▶ [Task objective]
Apart from the pictures, every entry must be retyped exactly.

▶ [Records provided]
+--

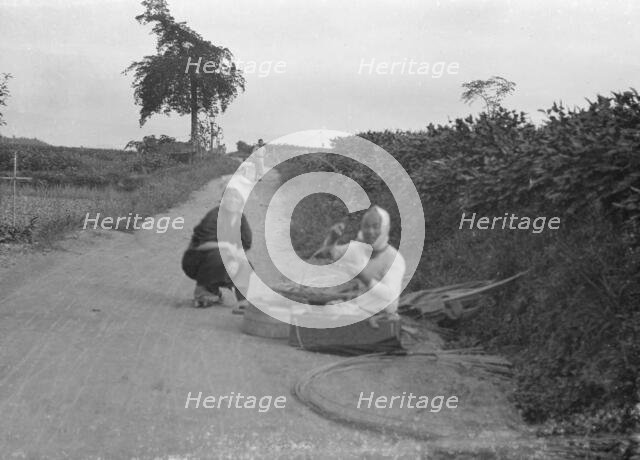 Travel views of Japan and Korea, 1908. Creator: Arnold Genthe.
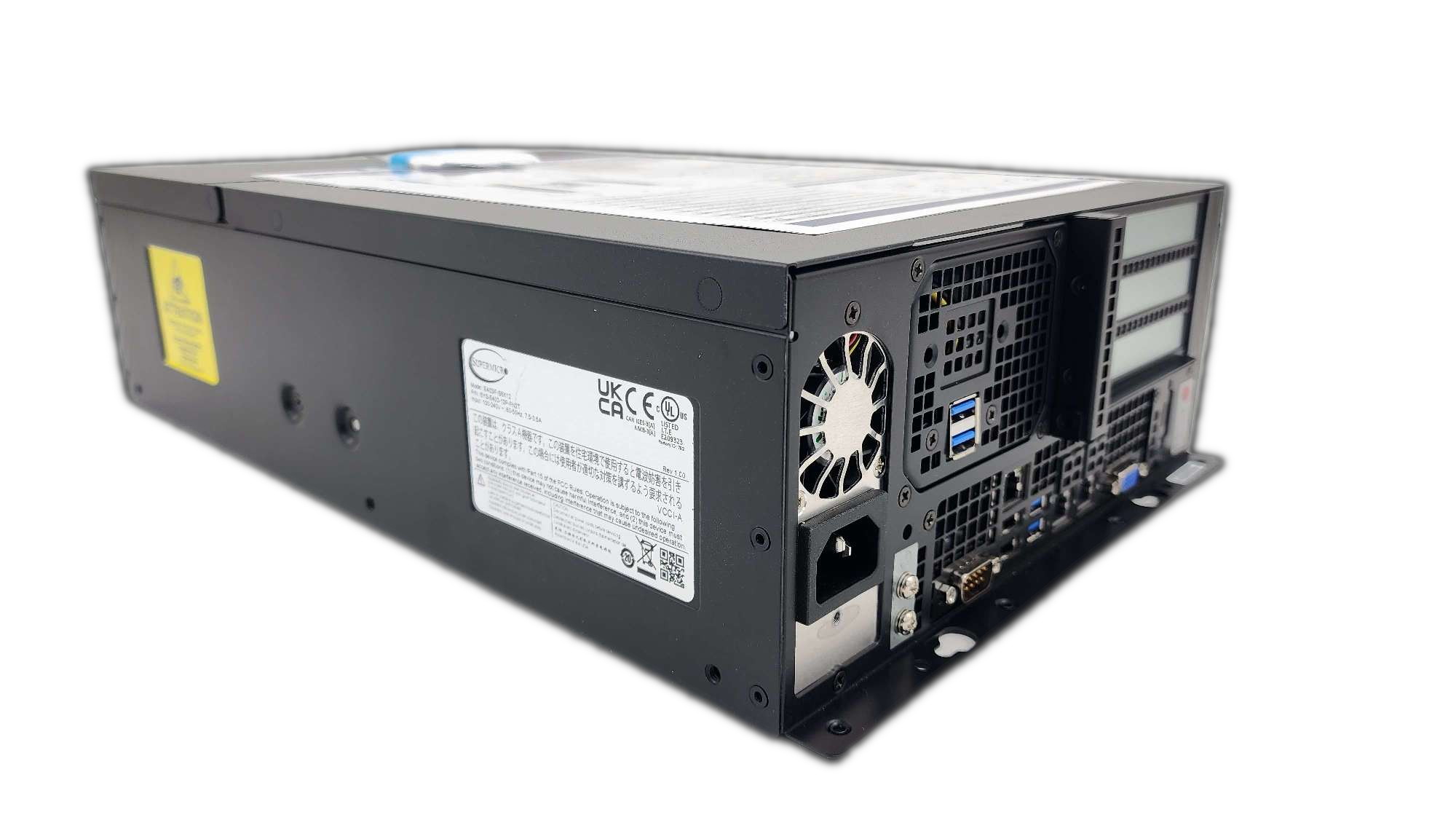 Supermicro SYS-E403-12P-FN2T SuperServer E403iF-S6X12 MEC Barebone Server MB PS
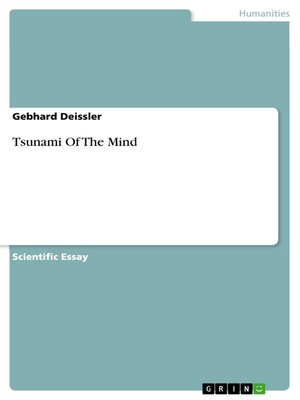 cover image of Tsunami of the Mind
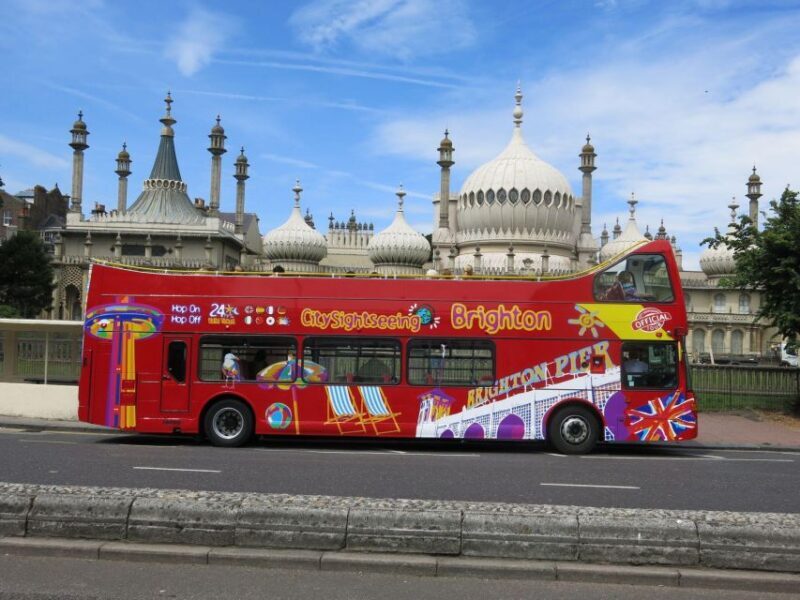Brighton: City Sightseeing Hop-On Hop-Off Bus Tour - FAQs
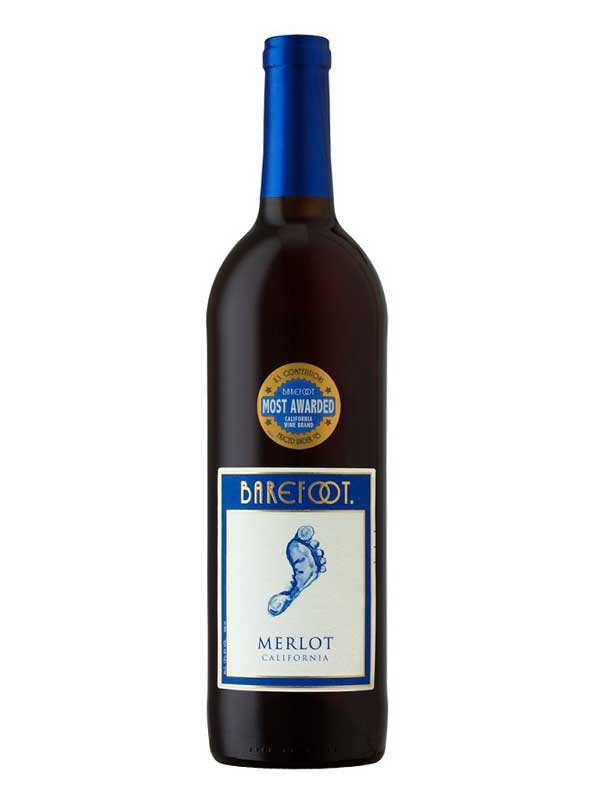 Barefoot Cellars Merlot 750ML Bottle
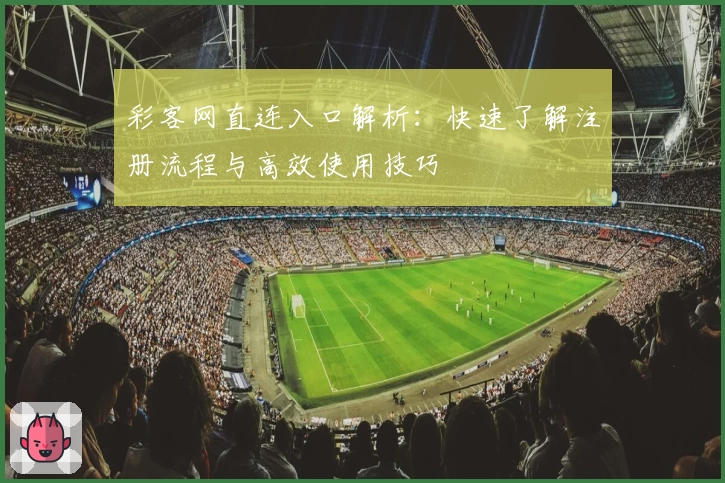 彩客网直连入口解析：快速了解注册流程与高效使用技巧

+--

▶ [Answer for the task]
 Travel views of Japan and Korea, 1908. Creator: Arnold Genthe.
 Supermicro SYS-E403-12P-FN2T SuperServer E403iF-S6X12 MEC Barebone Server MB PS
 cover image of Tsunami of the Mind
Brighton: City Sightseeing Hop-On Hop-Off Bus Tour - FAQs
 Barefoot Cellars Merlot 750ML Bottle
 彩客网直连入口解析：快速了解注册流程与高效使用技巧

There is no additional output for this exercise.